The national vision presented by the Moon Jae-in administration was the “Country of the people, the Republic of Korea with Fairness.” It declared the people are the owners of politics and that fairness is a new zeitgeist. The Yoon Suk Yeol administration’s national vision — “A republic of Korea that leaps anew, a people’s nation of co-prosperity” — was a declaration that a new leap forward was the nation’s mission and the people were the subject of prosperity. The master frame of the era of democratization is that the people are the owners of politics and prosperity.

I looked back on the era due to the strange landscape of our democracy today. The three pillars that support democracy are popular sovereignty, pluralism and compromise through dialogue. But the reality we are facing 30 years into the democratization era is the lack of pluralism and absence of political compromise, which represents the polarization of our politics rooted in anti-pluralism and anti-compromise.

The reason for this political polarization is twofold. First is the “imperial” presidential system. Because it is a winner-takes-all system, it only fuels the hostility between the party in power and its rivals. The presidential election becomes a political chess game to gain massive interests.

The second is the strategy of division. A party that mobilizes more supporters eventually wins an election. For an election victory, the strategy of division that responds to the demands of hard-core supporters is often preferred over the strategy of uniting the centrist voters. Ahead of next year’s parliamentary elections, ideological wars and hate politics are already shaking up the entire society.

If so, can this political polarization change? The possibility seems low. There are two reasons. First, the difference between the conservatives and the progressives is clear. In economic and foreign policies, the two pillars of state affairs, the conservatives demand neoliberal economic policies and a hard-line stance toward North Korea based on the alliance with the United States. But the progressives champion a Keynesian economic policy and engagement toward North Korea by worshipping “balanced diplomacy.” Even in gender and environmental policies — the core agendas of the 21st century — the ideological distance between the two groups is obvious.

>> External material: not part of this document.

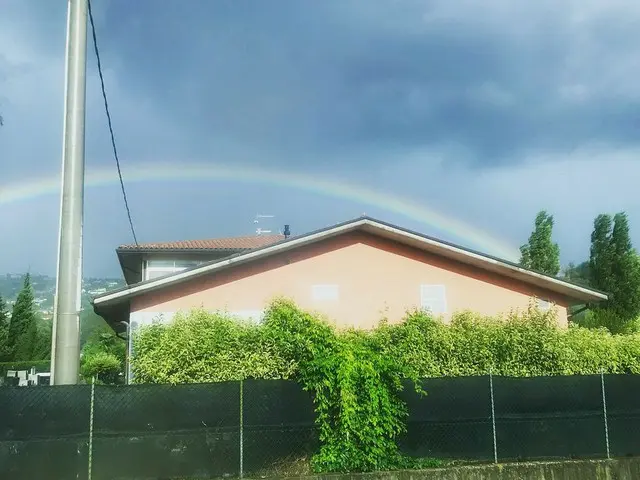 【G Official】 ”Mrs. Bye-sama” actress Lee Min Jion, I see a #rainbow🌈.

Second, the political polarization stems from the trend of “hyper-politicization.” Just as hyper-connectivity has emerged in social relations due to the advancement of information technology, hyper-politicization owing to people’s proactive participation became more important in a political process. Especially, the full bloom of social media strengthens direct communications between political leaders and their followers and the sense of political efficacy of active citizens. Fandom politics based on hardcore supporters and the strategy of division by major political parties are closely connected in this way.

Noteworthy is the phenomenon of depoliticization, a counteraction against hyper-politicization. It means keeping distance from established politics due to disappointment with the polarized political order. The size of the politically independent group, which stands at around 30 percent, proves it. This depoliticization trend is noticeable among the age group of those in their 20s and 30s. According to recent a Gallup Korea poll, 44 percent of those aged 18 to 29 and 35 percent of those in their 30s said they don’t support any party.

Just because they are depoliticized, it doesn’t mean they are cynical about politics. They just reject the ideologies and actions of the established parties and the administration. In fact, they are highly interested in the future of the country — for instance, creating jobs in the era of artificial intelligence, alleviating class inequality in the shadow of hereditary capitalism, responding to the alarmingly low birthrate, and pursuing the national interest-first diplomacy in the new Cold War order.

In a strange development, hyper-politicization and depoliticization coexist in the post-democratization era. Is it really impossible for our politics to go beyond factionalism and move straight into a better future? Shouldn’t that be the case now? I wondered while observing the young generation on campus after the new semester began.

Translation by the Korea JoongAng Daily staff.